Yıl 1460: İstanbul’un fethinden yedi yıl sonra, Bizanslı ulemanın beraberinde getirdiği elyazmaları Floransa Sarayı’nda antikçağ felsefesi üzerine hummalı bir çalışma başlatır. Tam bu sırada, Makedonya’dan ulaşan Yunanca bir elyazmasıyla akan sular durur.
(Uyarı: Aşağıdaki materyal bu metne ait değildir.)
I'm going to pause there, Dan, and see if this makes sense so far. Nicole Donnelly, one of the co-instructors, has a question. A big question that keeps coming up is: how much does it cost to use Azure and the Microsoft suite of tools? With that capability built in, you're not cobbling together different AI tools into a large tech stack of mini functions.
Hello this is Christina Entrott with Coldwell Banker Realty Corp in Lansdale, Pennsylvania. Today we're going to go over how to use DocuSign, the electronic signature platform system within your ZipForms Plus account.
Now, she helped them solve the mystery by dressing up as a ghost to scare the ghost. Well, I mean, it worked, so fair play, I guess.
Bu metin, Rönesans düşünce ve sanatı üzerinde kuvvetli bir tesir bırakacak olan Hermetik Külliyattır.
Hafiye romanlarını aratmayacak bir merak duygusunun önderlik ettiği bu araştırmada Frances Yates, “Din Savaşları” döneminde Avrupa’da ilahiyat, felsefe ve büyü arasında yeniden çizilmekte olan sınırları Hermetik geleneğin en önde gelen temsilcisi Giordano Bruno’nun İtalya’dan başlayıp Paris, Londra, Almanya, hatta Prag’a uzanan ve Venedik’te son bulan serüveni üzerinden irdeliyor. Hermetizm’in modern siyasi düşünce içindeki yankılarının, kriz dönemleri başta olmak üzere günümüz siyasi düşüncesine hâlâ rehberlik eden Ütopyacılar üzerindeki etkisinin okurda bilhassa karşılık bulacağını umuyoruz.
“Frances Yates … o ender bulunan bilginlerden; yazdıkları hakikaten nefes kesici.”